Grayson Highlands, Virginia: We used the tent one night on a pull-in gravel campsite and then went backpacking with it (what it is marketed for). While backpacking, the tent survived a severe mountaintop thunderstorm (like, lightening literally cracking over our heads for at least 30 minutes with high winds) and then it rained on us the entire night. We stayed dry and warm for the first thunderstorm and then for the entire night afterwards (almost 10 straight hours of rain on the tent).
Roan Highlands, Tennessee: We used this tent while backpacking through the Roan Highlands.
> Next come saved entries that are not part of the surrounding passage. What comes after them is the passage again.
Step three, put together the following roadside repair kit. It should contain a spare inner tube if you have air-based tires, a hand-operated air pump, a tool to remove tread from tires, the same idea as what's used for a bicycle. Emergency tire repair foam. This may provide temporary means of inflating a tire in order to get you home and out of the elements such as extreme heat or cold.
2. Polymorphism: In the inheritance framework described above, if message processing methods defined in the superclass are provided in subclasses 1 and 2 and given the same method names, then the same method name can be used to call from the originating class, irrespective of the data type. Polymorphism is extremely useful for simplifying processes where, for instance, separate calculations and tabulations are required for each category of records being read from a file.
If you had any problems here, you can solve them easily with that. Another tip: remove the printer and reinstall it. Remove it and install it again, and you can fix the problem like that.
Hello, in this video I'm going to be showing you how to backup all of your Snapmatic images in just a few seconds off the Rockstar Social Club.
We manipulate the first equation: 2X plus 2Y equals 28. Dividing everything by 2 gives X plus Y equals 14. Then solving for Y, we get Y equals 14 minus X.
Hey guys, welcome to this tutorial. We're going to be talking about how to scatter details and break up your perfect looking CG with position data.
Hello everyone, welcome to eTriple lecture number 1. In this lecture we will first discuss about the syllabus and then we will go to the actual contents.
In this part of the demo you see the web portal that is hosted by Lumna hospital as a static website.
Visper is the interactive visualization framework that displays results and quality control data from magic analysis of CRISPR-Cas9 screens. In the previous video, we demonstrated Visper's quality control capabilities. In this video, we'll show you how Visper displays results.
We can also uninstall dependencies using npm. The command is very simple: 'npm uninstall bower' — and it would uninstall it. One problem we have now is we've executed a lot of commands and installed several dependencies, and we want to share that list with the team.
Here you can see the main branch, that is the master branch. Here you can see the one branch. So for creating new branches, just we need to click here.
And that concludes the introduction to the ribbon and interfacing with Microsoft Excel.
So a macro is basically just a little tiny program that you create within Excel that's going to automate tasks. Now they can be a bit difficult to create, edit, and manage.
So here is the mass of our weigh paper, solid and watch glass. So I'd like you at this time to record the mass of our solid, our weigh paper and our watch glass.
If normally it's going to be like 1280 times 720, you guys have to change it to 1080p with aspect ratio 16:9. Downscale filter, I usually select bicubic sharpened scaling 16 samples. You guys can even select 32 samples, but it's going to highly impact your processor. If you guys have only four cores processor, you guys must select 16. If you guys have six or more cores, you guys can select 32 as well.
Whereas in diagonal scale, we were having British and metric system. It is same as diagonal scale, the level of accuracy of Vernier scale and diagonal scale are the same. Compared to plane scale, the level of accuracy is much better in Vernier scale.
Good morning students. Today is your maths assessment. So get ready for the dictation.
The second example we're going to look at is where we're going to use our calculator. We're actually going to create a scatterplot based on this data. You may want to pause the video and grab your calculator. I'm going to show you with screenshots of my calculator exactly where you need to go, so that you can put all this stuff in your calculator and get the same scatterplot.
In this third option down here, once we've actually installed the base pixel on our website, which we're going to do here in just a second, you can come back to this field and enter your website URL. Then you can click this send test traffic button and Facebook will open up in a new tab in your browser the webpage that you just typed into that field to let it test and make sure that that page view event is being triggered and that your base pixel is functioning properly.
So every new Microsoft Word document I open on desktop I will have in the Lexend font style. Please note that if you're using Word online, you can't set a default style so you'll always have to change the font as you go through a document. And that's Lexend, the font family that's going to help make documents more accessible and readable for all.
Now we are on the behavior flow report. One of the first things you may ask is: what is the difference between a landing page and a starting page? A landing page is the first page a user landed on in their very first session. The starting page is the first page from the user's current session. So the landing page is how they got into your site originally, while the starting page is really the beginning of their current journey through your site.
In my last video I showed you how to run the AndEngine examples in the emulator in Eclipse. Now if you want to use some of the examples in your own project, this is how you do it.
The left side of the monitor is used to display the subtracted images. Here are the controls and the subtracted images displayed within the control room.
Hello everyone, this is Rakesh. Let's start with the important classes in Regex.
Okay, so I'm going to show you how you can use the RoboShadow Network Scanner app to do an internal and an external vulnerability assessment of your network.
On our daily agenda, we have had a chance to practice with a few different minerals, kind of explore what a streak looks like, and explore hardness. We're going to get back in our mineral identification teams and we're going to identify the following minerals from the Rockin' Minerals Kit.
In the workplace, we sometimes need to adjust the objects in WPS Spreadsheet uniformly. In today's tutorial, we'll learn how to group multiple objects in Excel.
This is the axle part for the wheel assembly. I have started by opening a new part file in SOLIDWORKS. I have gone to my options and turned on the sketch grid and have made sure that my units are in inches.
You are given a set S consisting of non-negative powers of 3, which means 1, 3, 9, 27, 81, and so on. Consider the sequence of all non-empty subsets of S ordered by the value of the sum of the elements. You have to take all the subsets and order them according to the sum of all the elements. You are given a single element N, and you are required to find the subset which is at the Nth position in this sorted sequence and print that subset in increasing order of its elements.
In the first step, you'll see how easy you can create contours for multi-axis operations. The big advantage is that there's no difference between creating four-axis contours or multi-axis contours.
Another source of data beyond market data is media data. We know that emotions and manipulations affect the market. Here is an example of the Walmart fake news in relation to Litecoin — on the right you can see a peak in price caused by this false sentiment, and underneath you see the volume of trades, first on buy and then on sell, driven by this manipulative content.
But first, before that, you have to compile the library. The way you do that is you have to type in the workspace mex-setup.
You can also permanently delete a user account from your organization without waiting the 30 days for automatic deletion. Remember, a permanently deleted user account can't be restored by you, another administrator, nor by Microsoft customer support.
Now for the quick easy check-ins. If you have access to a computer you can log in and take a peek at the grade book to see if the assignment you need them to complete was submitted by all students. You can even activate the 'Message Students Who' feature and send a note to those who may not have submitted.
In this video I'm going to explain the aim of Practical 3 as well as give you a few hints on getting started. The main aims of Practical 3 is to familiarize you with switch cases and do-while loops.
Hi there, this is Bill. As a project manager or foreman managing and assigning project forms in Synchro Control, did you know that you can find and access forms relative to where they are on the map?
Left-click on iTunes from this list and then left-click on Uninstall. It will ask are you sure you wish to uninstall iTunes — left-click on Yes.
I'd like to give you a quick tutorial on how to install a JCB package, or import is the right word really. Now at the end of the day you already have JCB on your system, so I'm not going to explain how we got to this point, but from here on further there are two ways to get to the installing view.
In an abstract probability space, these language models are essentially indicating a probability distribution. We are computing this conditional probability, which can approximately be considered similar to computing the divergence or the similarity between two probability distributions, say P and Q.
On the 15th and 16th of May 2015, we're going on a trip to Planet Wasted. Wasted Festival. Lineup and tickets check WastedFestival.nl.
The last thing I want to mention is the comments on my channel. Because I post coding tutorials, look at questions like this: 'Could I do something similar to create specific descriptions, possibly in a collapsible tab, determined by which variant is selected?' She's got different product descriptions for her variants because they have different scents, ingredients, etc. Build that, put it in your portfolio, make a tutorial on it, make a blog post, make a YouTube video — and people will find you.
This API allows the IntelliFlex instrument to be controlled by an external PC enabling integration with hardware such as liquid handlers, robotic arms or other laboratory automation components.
We didn't experience any inclement weather but the tent really is a bit heavy and can really only be used if you're backpacking with another person who can counter the weight with some of your gear. I think this trip made me decide I really need a new lightweight tent for backpacking, but in the same breath I really love this cheap little tent and I'll always keep it for short easy trips or for car camping.
What I love:
- The simple two pole design makes it a breeze to put up and take down. It takes us no more than 4 minutes when we work together.
- The rain fly has two windows so you can see whats going on outside the tent.
- There are two vestibule areas created from the rain fly outside each door which is great for storing gear, wet shoes, etc.
- There are two doors so you don't have to wake your hiking buddy/partner when you need to get up at night.
- The tent keeps you dry, like, for real. Even in torrential downpours and extreme mountain top thunderstorms. Please note we also purchased the footprint and have used that every time with the tent.
- The tent itself has a ton of mesh in the walls so you can enjoy your surroundings when the rain fly is off.
- The rain fly has two vents in the top for continuous ventilation so even when it's completely zipped up there's a way for the body heat to escape.
- 37 square feet inside the tent is the perfect amount of space for Michael and I and ALL our gear which is so great (Michael is 6'1 and I am 5'1).
- There is a gear loft in the top of the tent where you can throw headlamps and other items so they're always within arms reach. There's also a loop to hang a lantern (we use this one). Additionally there are gear pockets on either side of the tent where I usually put whatever book I'm reading/maps/etc.
- It won't break the bank. You can find this tent online for less than $100 during a good sale. I got mine from Backcountry.com
What I don't love:
- It's a little heavy for a backpacking tent. When I say a little heavy it's about 6lbs. However, since Michael and I share the tent, we do a good job distributing weight equally between the two of us for short trips so it's not like I take this then also have to deal with the stove, mess gear, food, etc.
Overall: I recommend this tent for shorter, easier backpacking trips. Since it is heavier than other tents the weight can become taxing, especially when it's wet! I would recommend this tent for car camping or for a hike-in campsite. It's so easy to throw in the car and bring along and if you don't need to live in a house tent while camping and like something a little more cozy (like us!) then this will be perfect for you. I've definitely loved it for car camping and the weight hasn't bothered me on our backpacking trips until it was soaking wet. I do not recommend this tent if you are looking for something ultralight. Overall- yes I recommend this tent just understand exactly what you're getting before you buy it!